The function withdrawFromPort lacks input validation for the _globalAddress parameter. Here's a breakdown of the relevant parts:

   function withdrawFromPort(address _depositor, address _recipient, address _globalAddress, uint256 _amount)
       external
       override
       lock
       requiresBridgeAgent

The function withdrawFromPort takes four parameters:

• _depositor: Address of the depositor.
• _recipient: Address of the recipient.
• _globalAddress: Address representing the global token.
• _amount: Amount to be withdrawn.

Local Variables:

   address _rootPortAddress = rootPortAddress;
   address _underlyingAddress = IRootPort(_rootPortAddress).getUnderlyingTokenFromLocal(_globalAddress, localChainId);

• _rootPortAddress: It stores the value of rootPortAddress which represents the address of the Root Port.
• _underlyingAddress: It fetches the underlying token address based on the provided _globalAddress.

Function Execution:

   IRootPort(_rootPortAddress).burnFromLocalBranch(_depositor, _globalAddress, _amount);
   _underlyingAddress.safeTransfer(_recipient, _amount);

• These lines execute the burn operation on the Root Port and the safe transfer of tokens.

Missing Input Validation:

We can see there is no explicit validation for the _globalAddress parameter.

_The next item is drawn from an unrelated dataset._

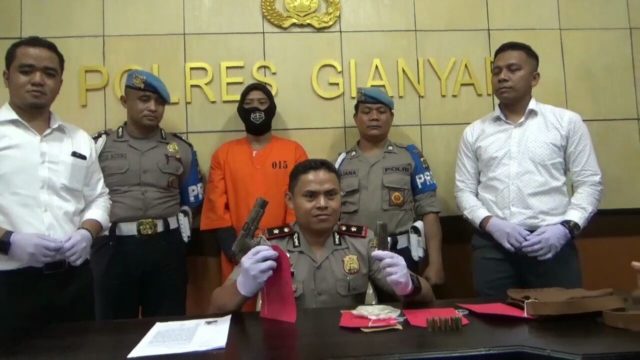 Polres Gianyar Kejar Pemasok Senjata Api ke Made Wirya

This means that the function assumes the provided _globalAddress is valid and does not check if it's a legitimate global token on the Root Port.

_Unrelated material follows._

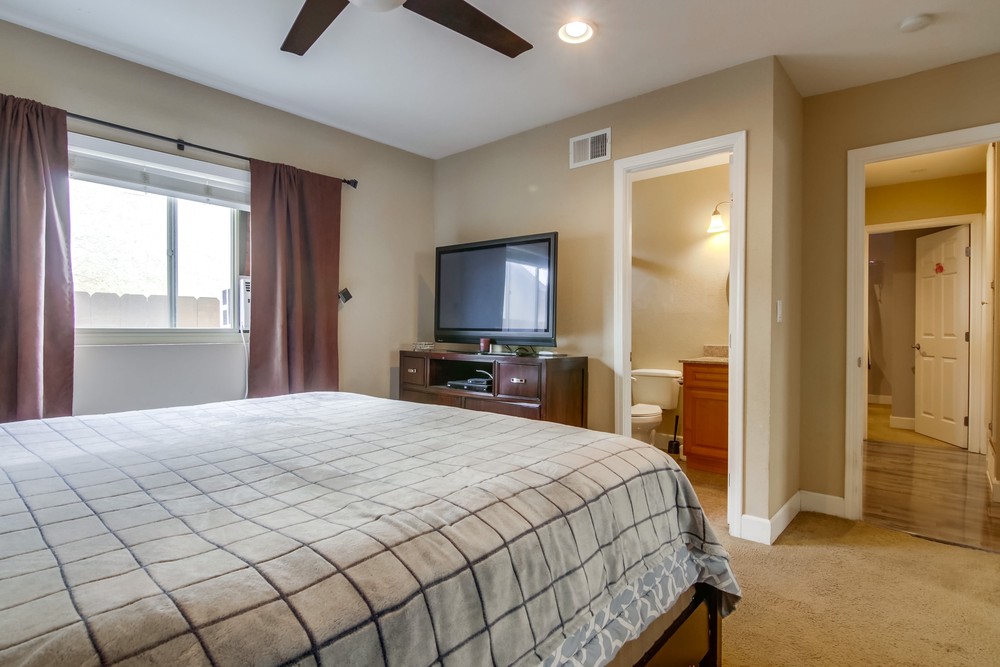 Virtual tour photo 26 of 42 for 869 Blackwood Dr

This can lead to potential issues if _globalAddress is an invalid or non-existent token on the Root Port. The code does not provide any feedback or error handling in such cases.

Consider this scenario

Suppose a user interacts with the withdrawFromPort function, providing an _globalAddress that corresponds to a token that doesn't exist on the Root Port.

Here's the scenario:

The user calls the withdrawFromPort function with the following parameters:

• _depositor: 0xUserA
• _recipient: 0xUserB
• _globalAddress: 0xInvalidToken (an address that doesn't represent any valid token on the Root Port)
• _amount: 100

   withdrawFromPort(0xUserA, 0xUserB, 0xInvalidToken, 100);

Execution:

The function starts executing. It doesn't perform any validation on the provided _globalAddress.

   address _underlyingAddress = IRootPort(_rootPortAddress).getUnderlyingTokenFromLocal(_globalAddress, localChainId);

• In this line, _underlyingAddress will receive address(0) because 0xInvalidToken doesn't exist on the Root Port.

   IRootPort(_rootPortAddress).burnFromLocalBranch(_depositor, _globalAddress, _amount);

• This line attempts to burn tokens from 0xUserA on the Root Port using _globalAddress, which is 0xInvalidToken. Since 0xInvalidToken is not a valid token, this operation will fail, and no tokens will be burnt.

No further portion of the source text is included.